(Captioned web image data)

++++++

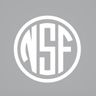 NXT STEP flooring ltd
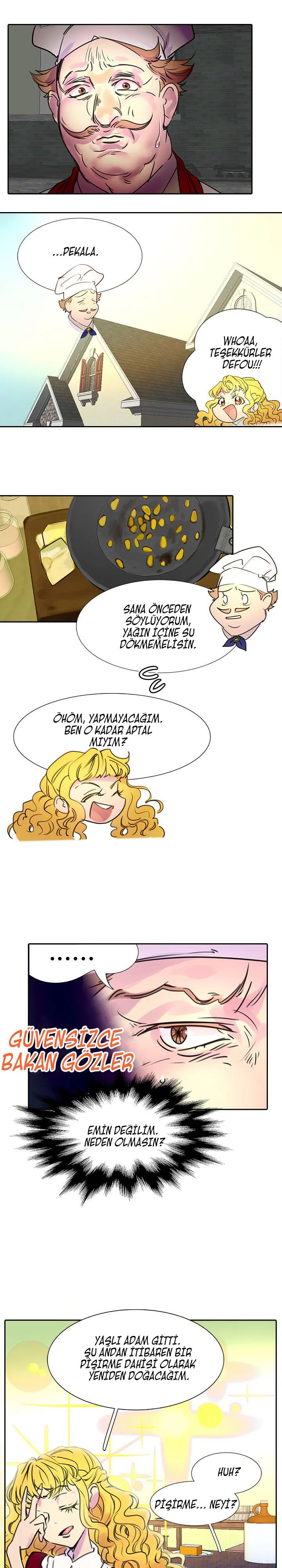 MTUwMUpOTlI3OVpITTJBVg.tKrmYLd 4QSGehCQkhbjJjAQvdAjOVKkNpOUkaDo R8Vm McL n i0q0HIkccH3i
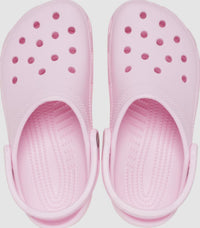 Crocs - Unisex Classic Clogs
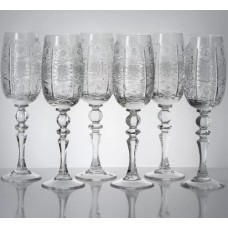 Бокал. 210 г. 1100/18 7565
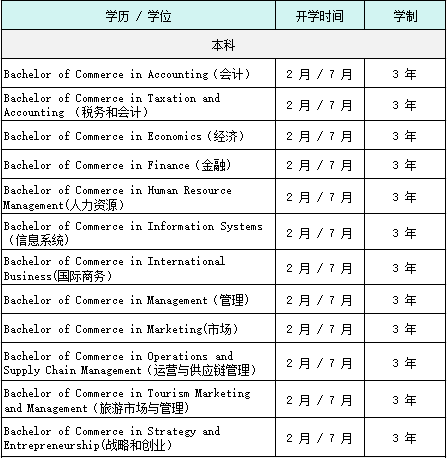 640 (41).png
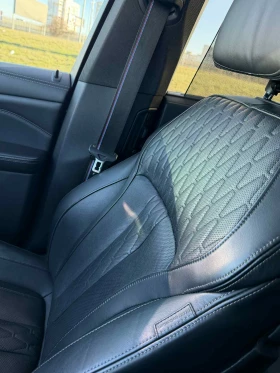 BMW X5  М50 D, снимка 13
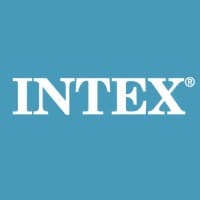 Intex Recreation Corp.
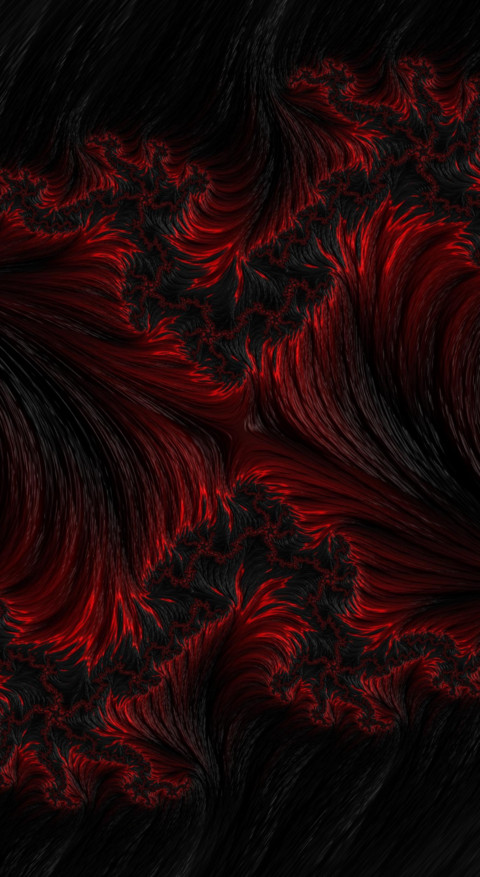 Art Decor (1) screenshot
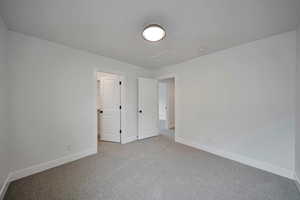 Photo 21 of 789 W SUMMERHILL LN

++++++

Exercise requirements: Every picture stays out; reproduce exactly the lines from the one with "Art Decor (1) screenshot" through the last line of the data above.

Worked solution:
 Art Decor (1) screenshot
 Photo 21 of 789 W SUMMERHILL LN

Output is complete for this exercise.